Und leidenschaftlich ausgekämpft. Schließlich wurde die diesjährige Ausgabe des Viererduells, das inzwischen zum festen Bestandteil des internationalen Turnierkalenders geworden ist, unter einem ganz besonderen Motto ausgefochten: "Königinnen gegen Prinzen". Die weiblichen Topstars Elisabeth Pähtz (29) und ihre vier Jahre jüngere Kollegin Walentina Gunina, beide sind am Franz-Mehring-Platz bereits mehrmals die Nr. 1 geworden, sollten testen, was die männlichen Nachwuchshoffnungen Matthias Blübaum und Dennis Wagner wirklich drauf haben. Die zwei erst 17-jährigen Jungs absolvieren aktuell ein Zwölf-Monate-Programm des DSB, um zur nationalen Leistungsspitze aufzuschließen, und vor allem der NRW-ler Blübaum hat schon dermaßen aufgedreht, dass er mittlerweile auf Großmeisterniveau spielt. Die offizielle Verleihung des entsprechenden Titels an den Abiturienten aus Lemgo auf dem nächsten Kongress des Weltschachbundes FIDE ist daher bloß noch Formsache.

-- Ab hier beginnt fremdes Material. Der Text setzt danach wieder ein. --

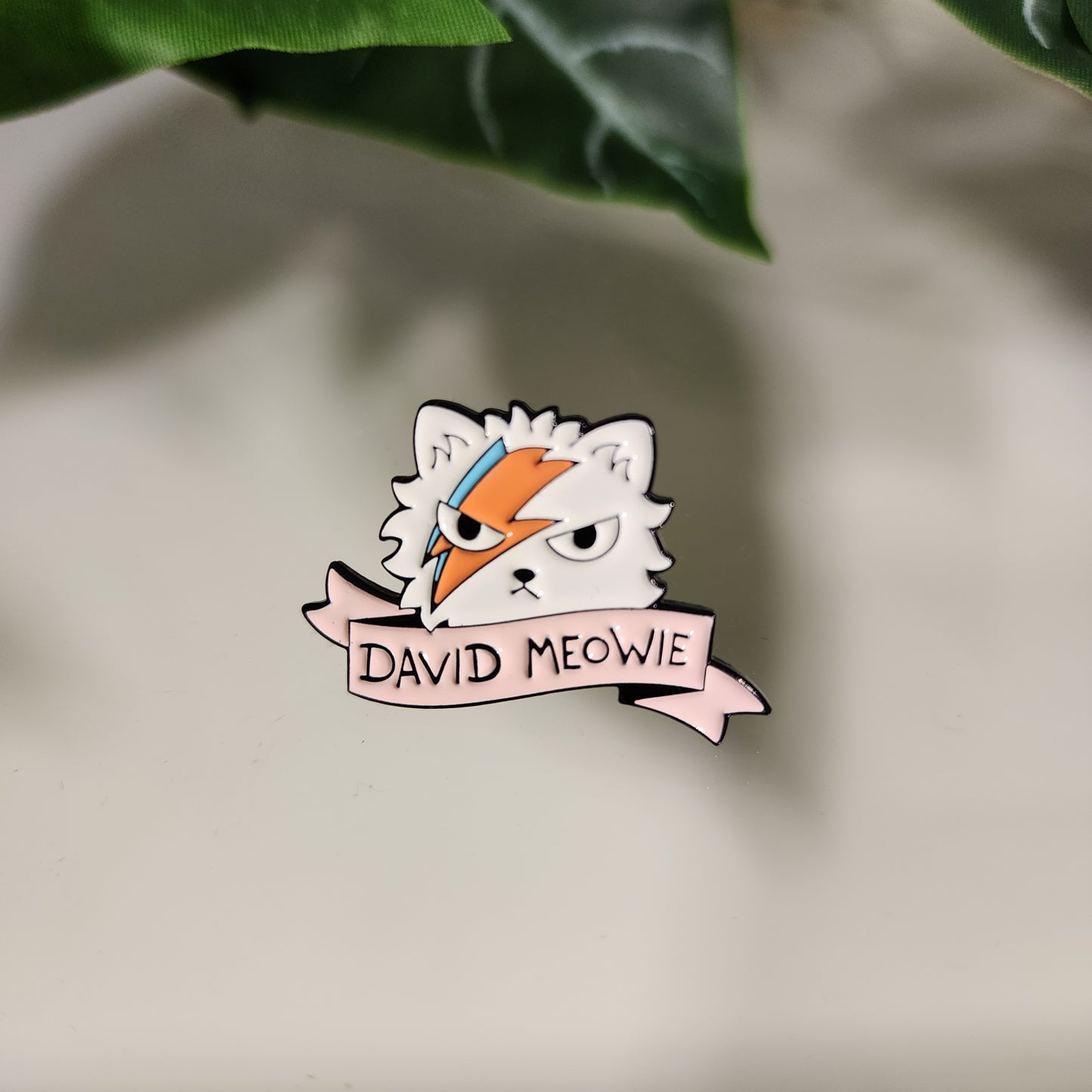 Pin David Meowie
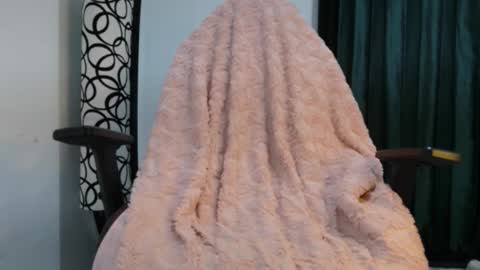 ivanna online show from December 16, 4:50 am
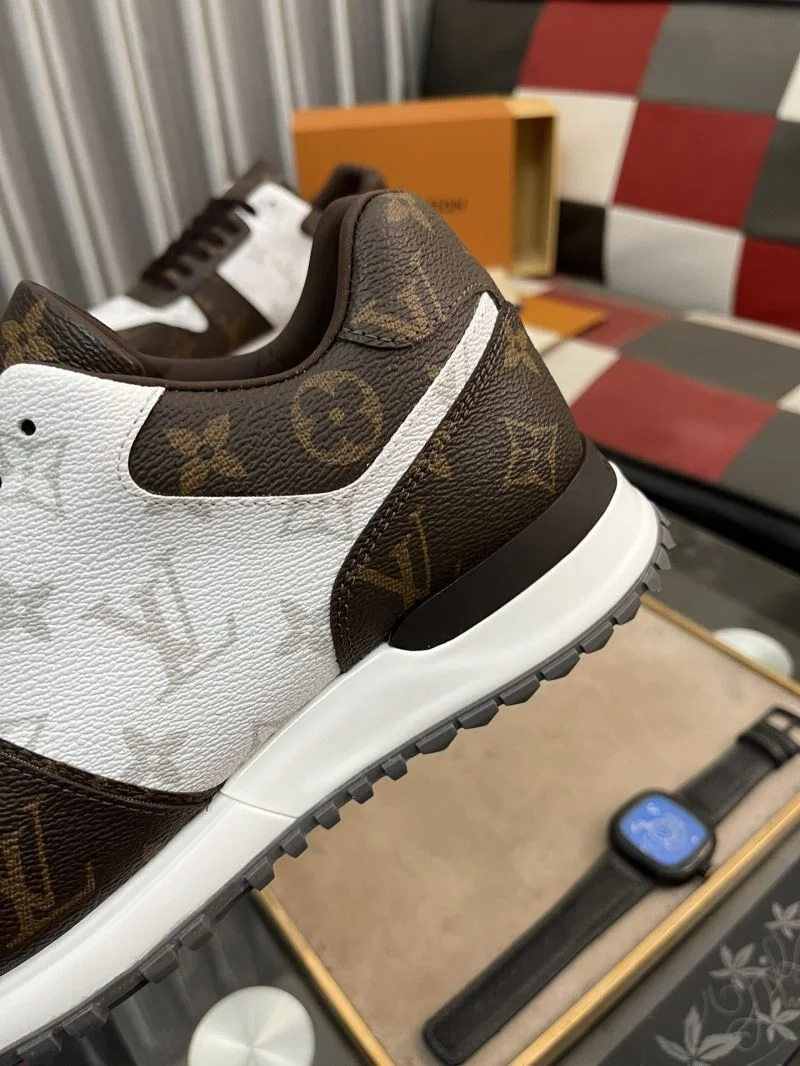 Premium Louis Vuitton Run Away Sneaker 32729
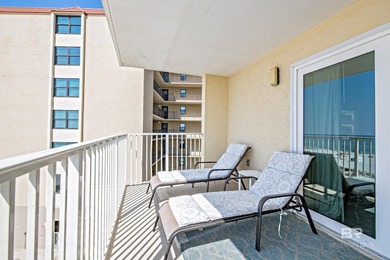 Clearwater 3D is a beautifully updated, west-facing, beachfront - photo 6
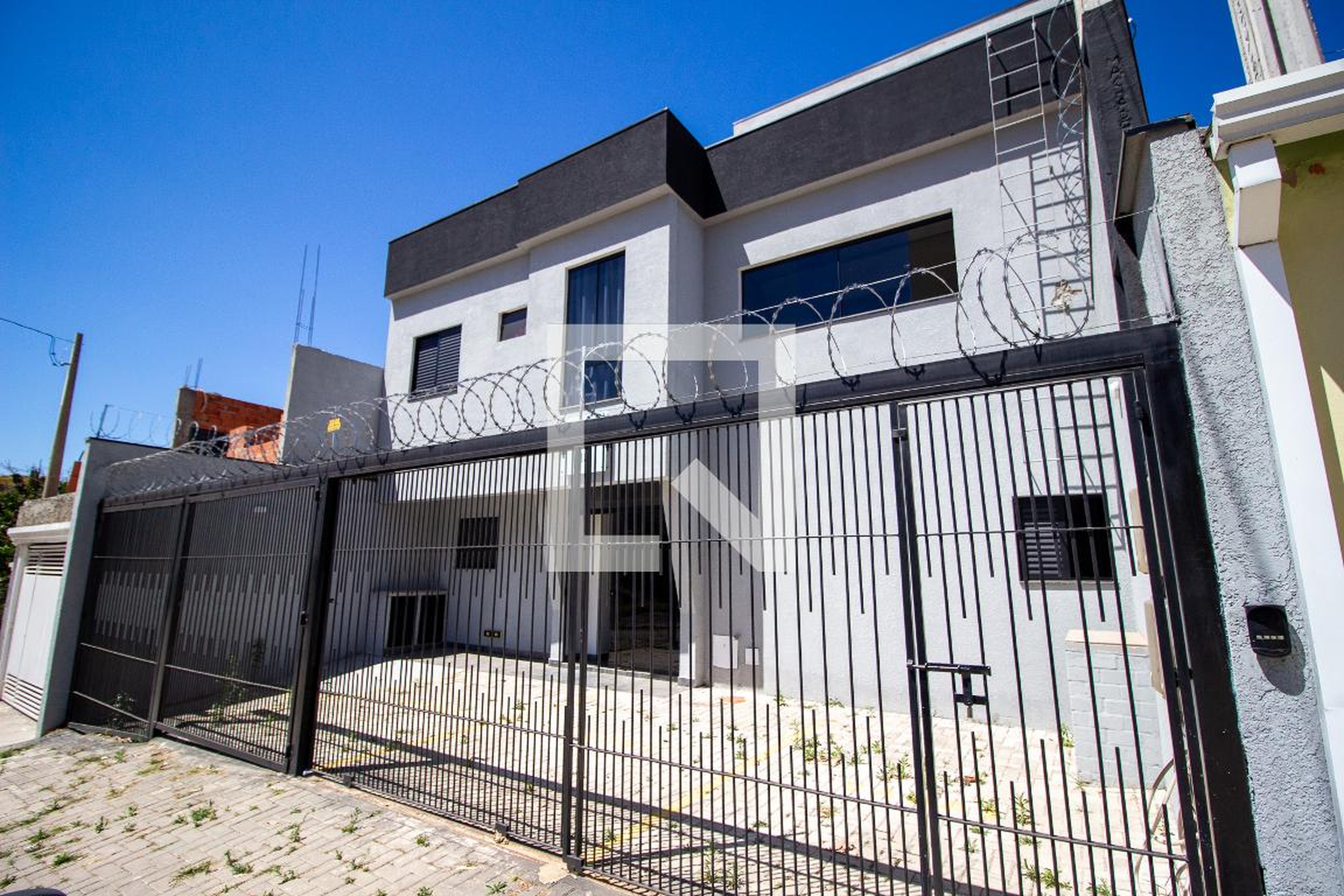 Fachada Condomínio em Rua João Antônio Ferraz, 115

Karrierefrauen und männliche Teens, die sich beweisen müssen: eine brisante Konstellation. Zumal sich die nd-Schachgala 2014 auf diese Weise eingebettet fand in den Kontext einer Dauerdiskussion, die regelmäßig die Gemüter erhitzt: Warum sind nur wenige Frauen ganz oben in den Ratinglisten zu finden? Spielen Männer wirklich besser Schach als Frauen?
Folgerichtig drängten sich die Interessierten im Münzenbergsaal, als Schiedsrichter Horst Metzing um 15.15 Uhr die Turnieruhren in Gang setzte. Zu den fachkundigen Zuschauern gehörten Paul Werner Wagner, Vorsitzender der Berliner Emanuel Lasker-Gesellschaft, DSB-Geschäftsführerin Heike Quellmalz und Axel Eger, Schachexperte der Thüringer Allgemeinen in Erfurt. Sogar die Schauspielerin und Sängerin Vaile wollte den Ausgang des Geschlechterkampfes um Dame und König miterleben. Die Berlinerin, dem TV-Publikum aus der ARD-Reihe "Marienhof" bekannt, ist selber eine Liebhaberin des Königlichen Spiels, hat ständig ein Miniset dabei. Gerne überredet die 34-Jährige andere Gleichgesinnte aus der Promi-Szene zu einem geistvollen Tête-à-Tête am 64-Felder-Brett, die Liste reicht vom Rapper Smudo ("Fantastische Vier") bis zur Filmproduzentenlegende Artur "Atze" Brauner. Vaile fand das neue Format der nd-Schachgala, ein gemischtes Feld statt reiner Frauenkonkurrenz, "längst überfällig". Die im Denksport sonst übliche Geschlechtertrennung sei "antiquiert"; vielleicht würden sich mit zunehmendem Lebensalter unterschiedliche Interessen herausbilden, grundsätzlich aber seien Frauen und Männer gleichermaßen befähigt, Schach auf hohem Niveau zu spielen.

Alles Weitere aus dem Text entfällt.